▸ INFORMATION GIVEN

######

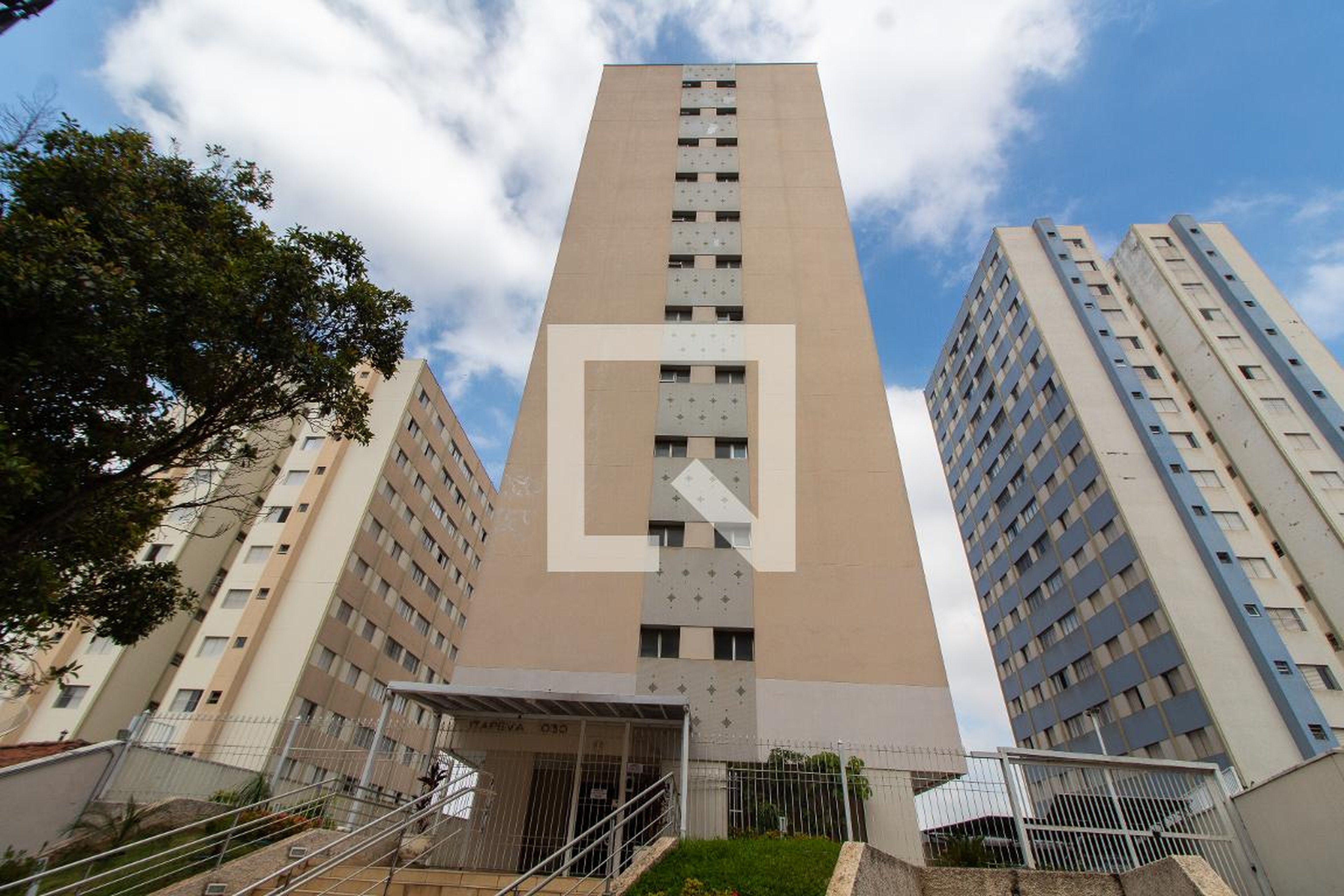 Fachada Condomínio em Rua Uruguaiana, 1030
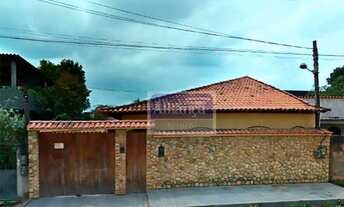 Imagem: Casa com 3 dormitórios, 1 suíte, edícula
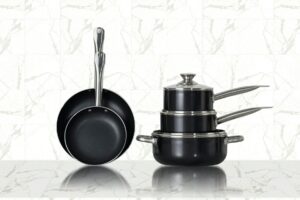 The Complete Handbook of Healthful Cookware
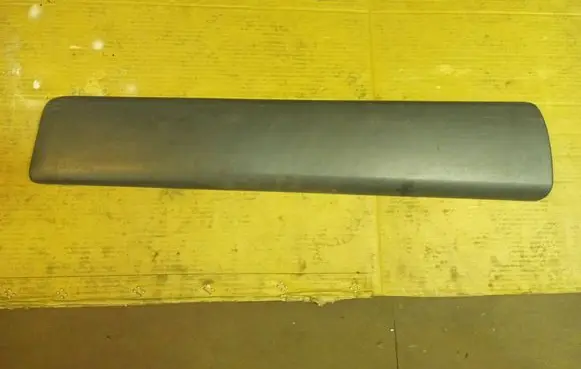 Renault Trafic II (X83) Front door trim (molding) 8200036086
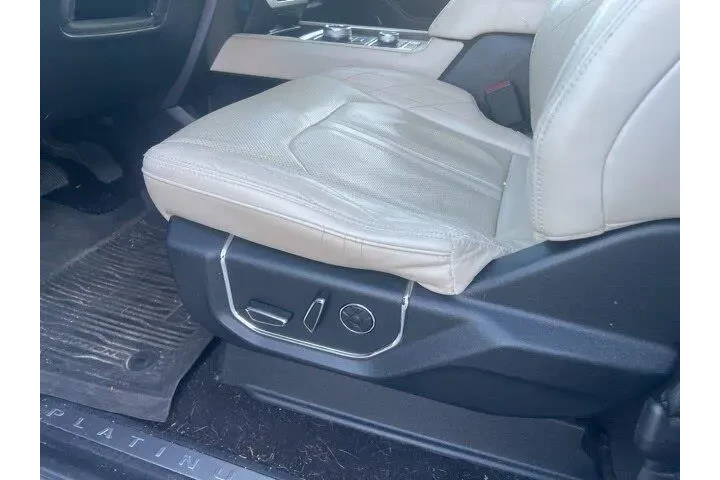 $26560 : Ford Expedition 2019 4x4 Pla image 9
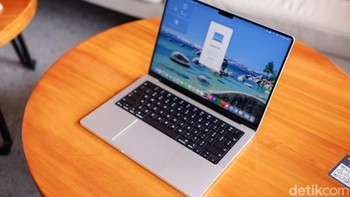 Apple mengklaim MacBook Pro M5 Pro mampu menjalankan Large Language Model (LLM) hingga berkali-kali lebih cepat dibanding generasi sebelumnya. Foto: Adi FR/detikINET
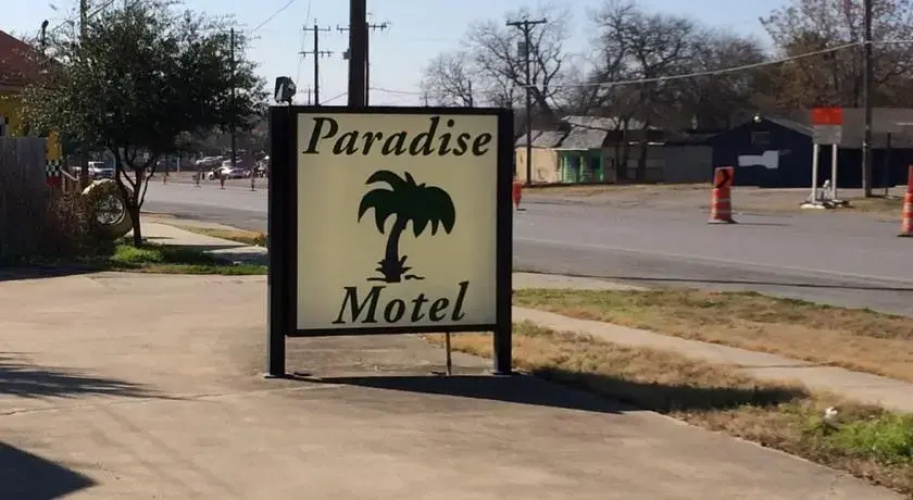 Paradise Motel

######

The whole listing above is to be repeated exactly, apart from its pictures.

 Fachada Condomínio em Rua Uruguaiana, 1030
 Imagem: Casa com 3 dormitórios, 1 suíte, edícula
 The Complete Handbook of Healthful Cookware
 Renault Trafic II (X83) Front door trim (molding) 8200036086
 $26560 : Ford Expedition 2019 4x4 Pla image 9
 Apple mengklaim MacBook Pro M5 Pro mampu menjalankan Large Language Model (LLM) hingga berkali-kali lebih cepat dibanding generasi sebelumnya. Foto: Adi FR/detikINET
 Paradise Motel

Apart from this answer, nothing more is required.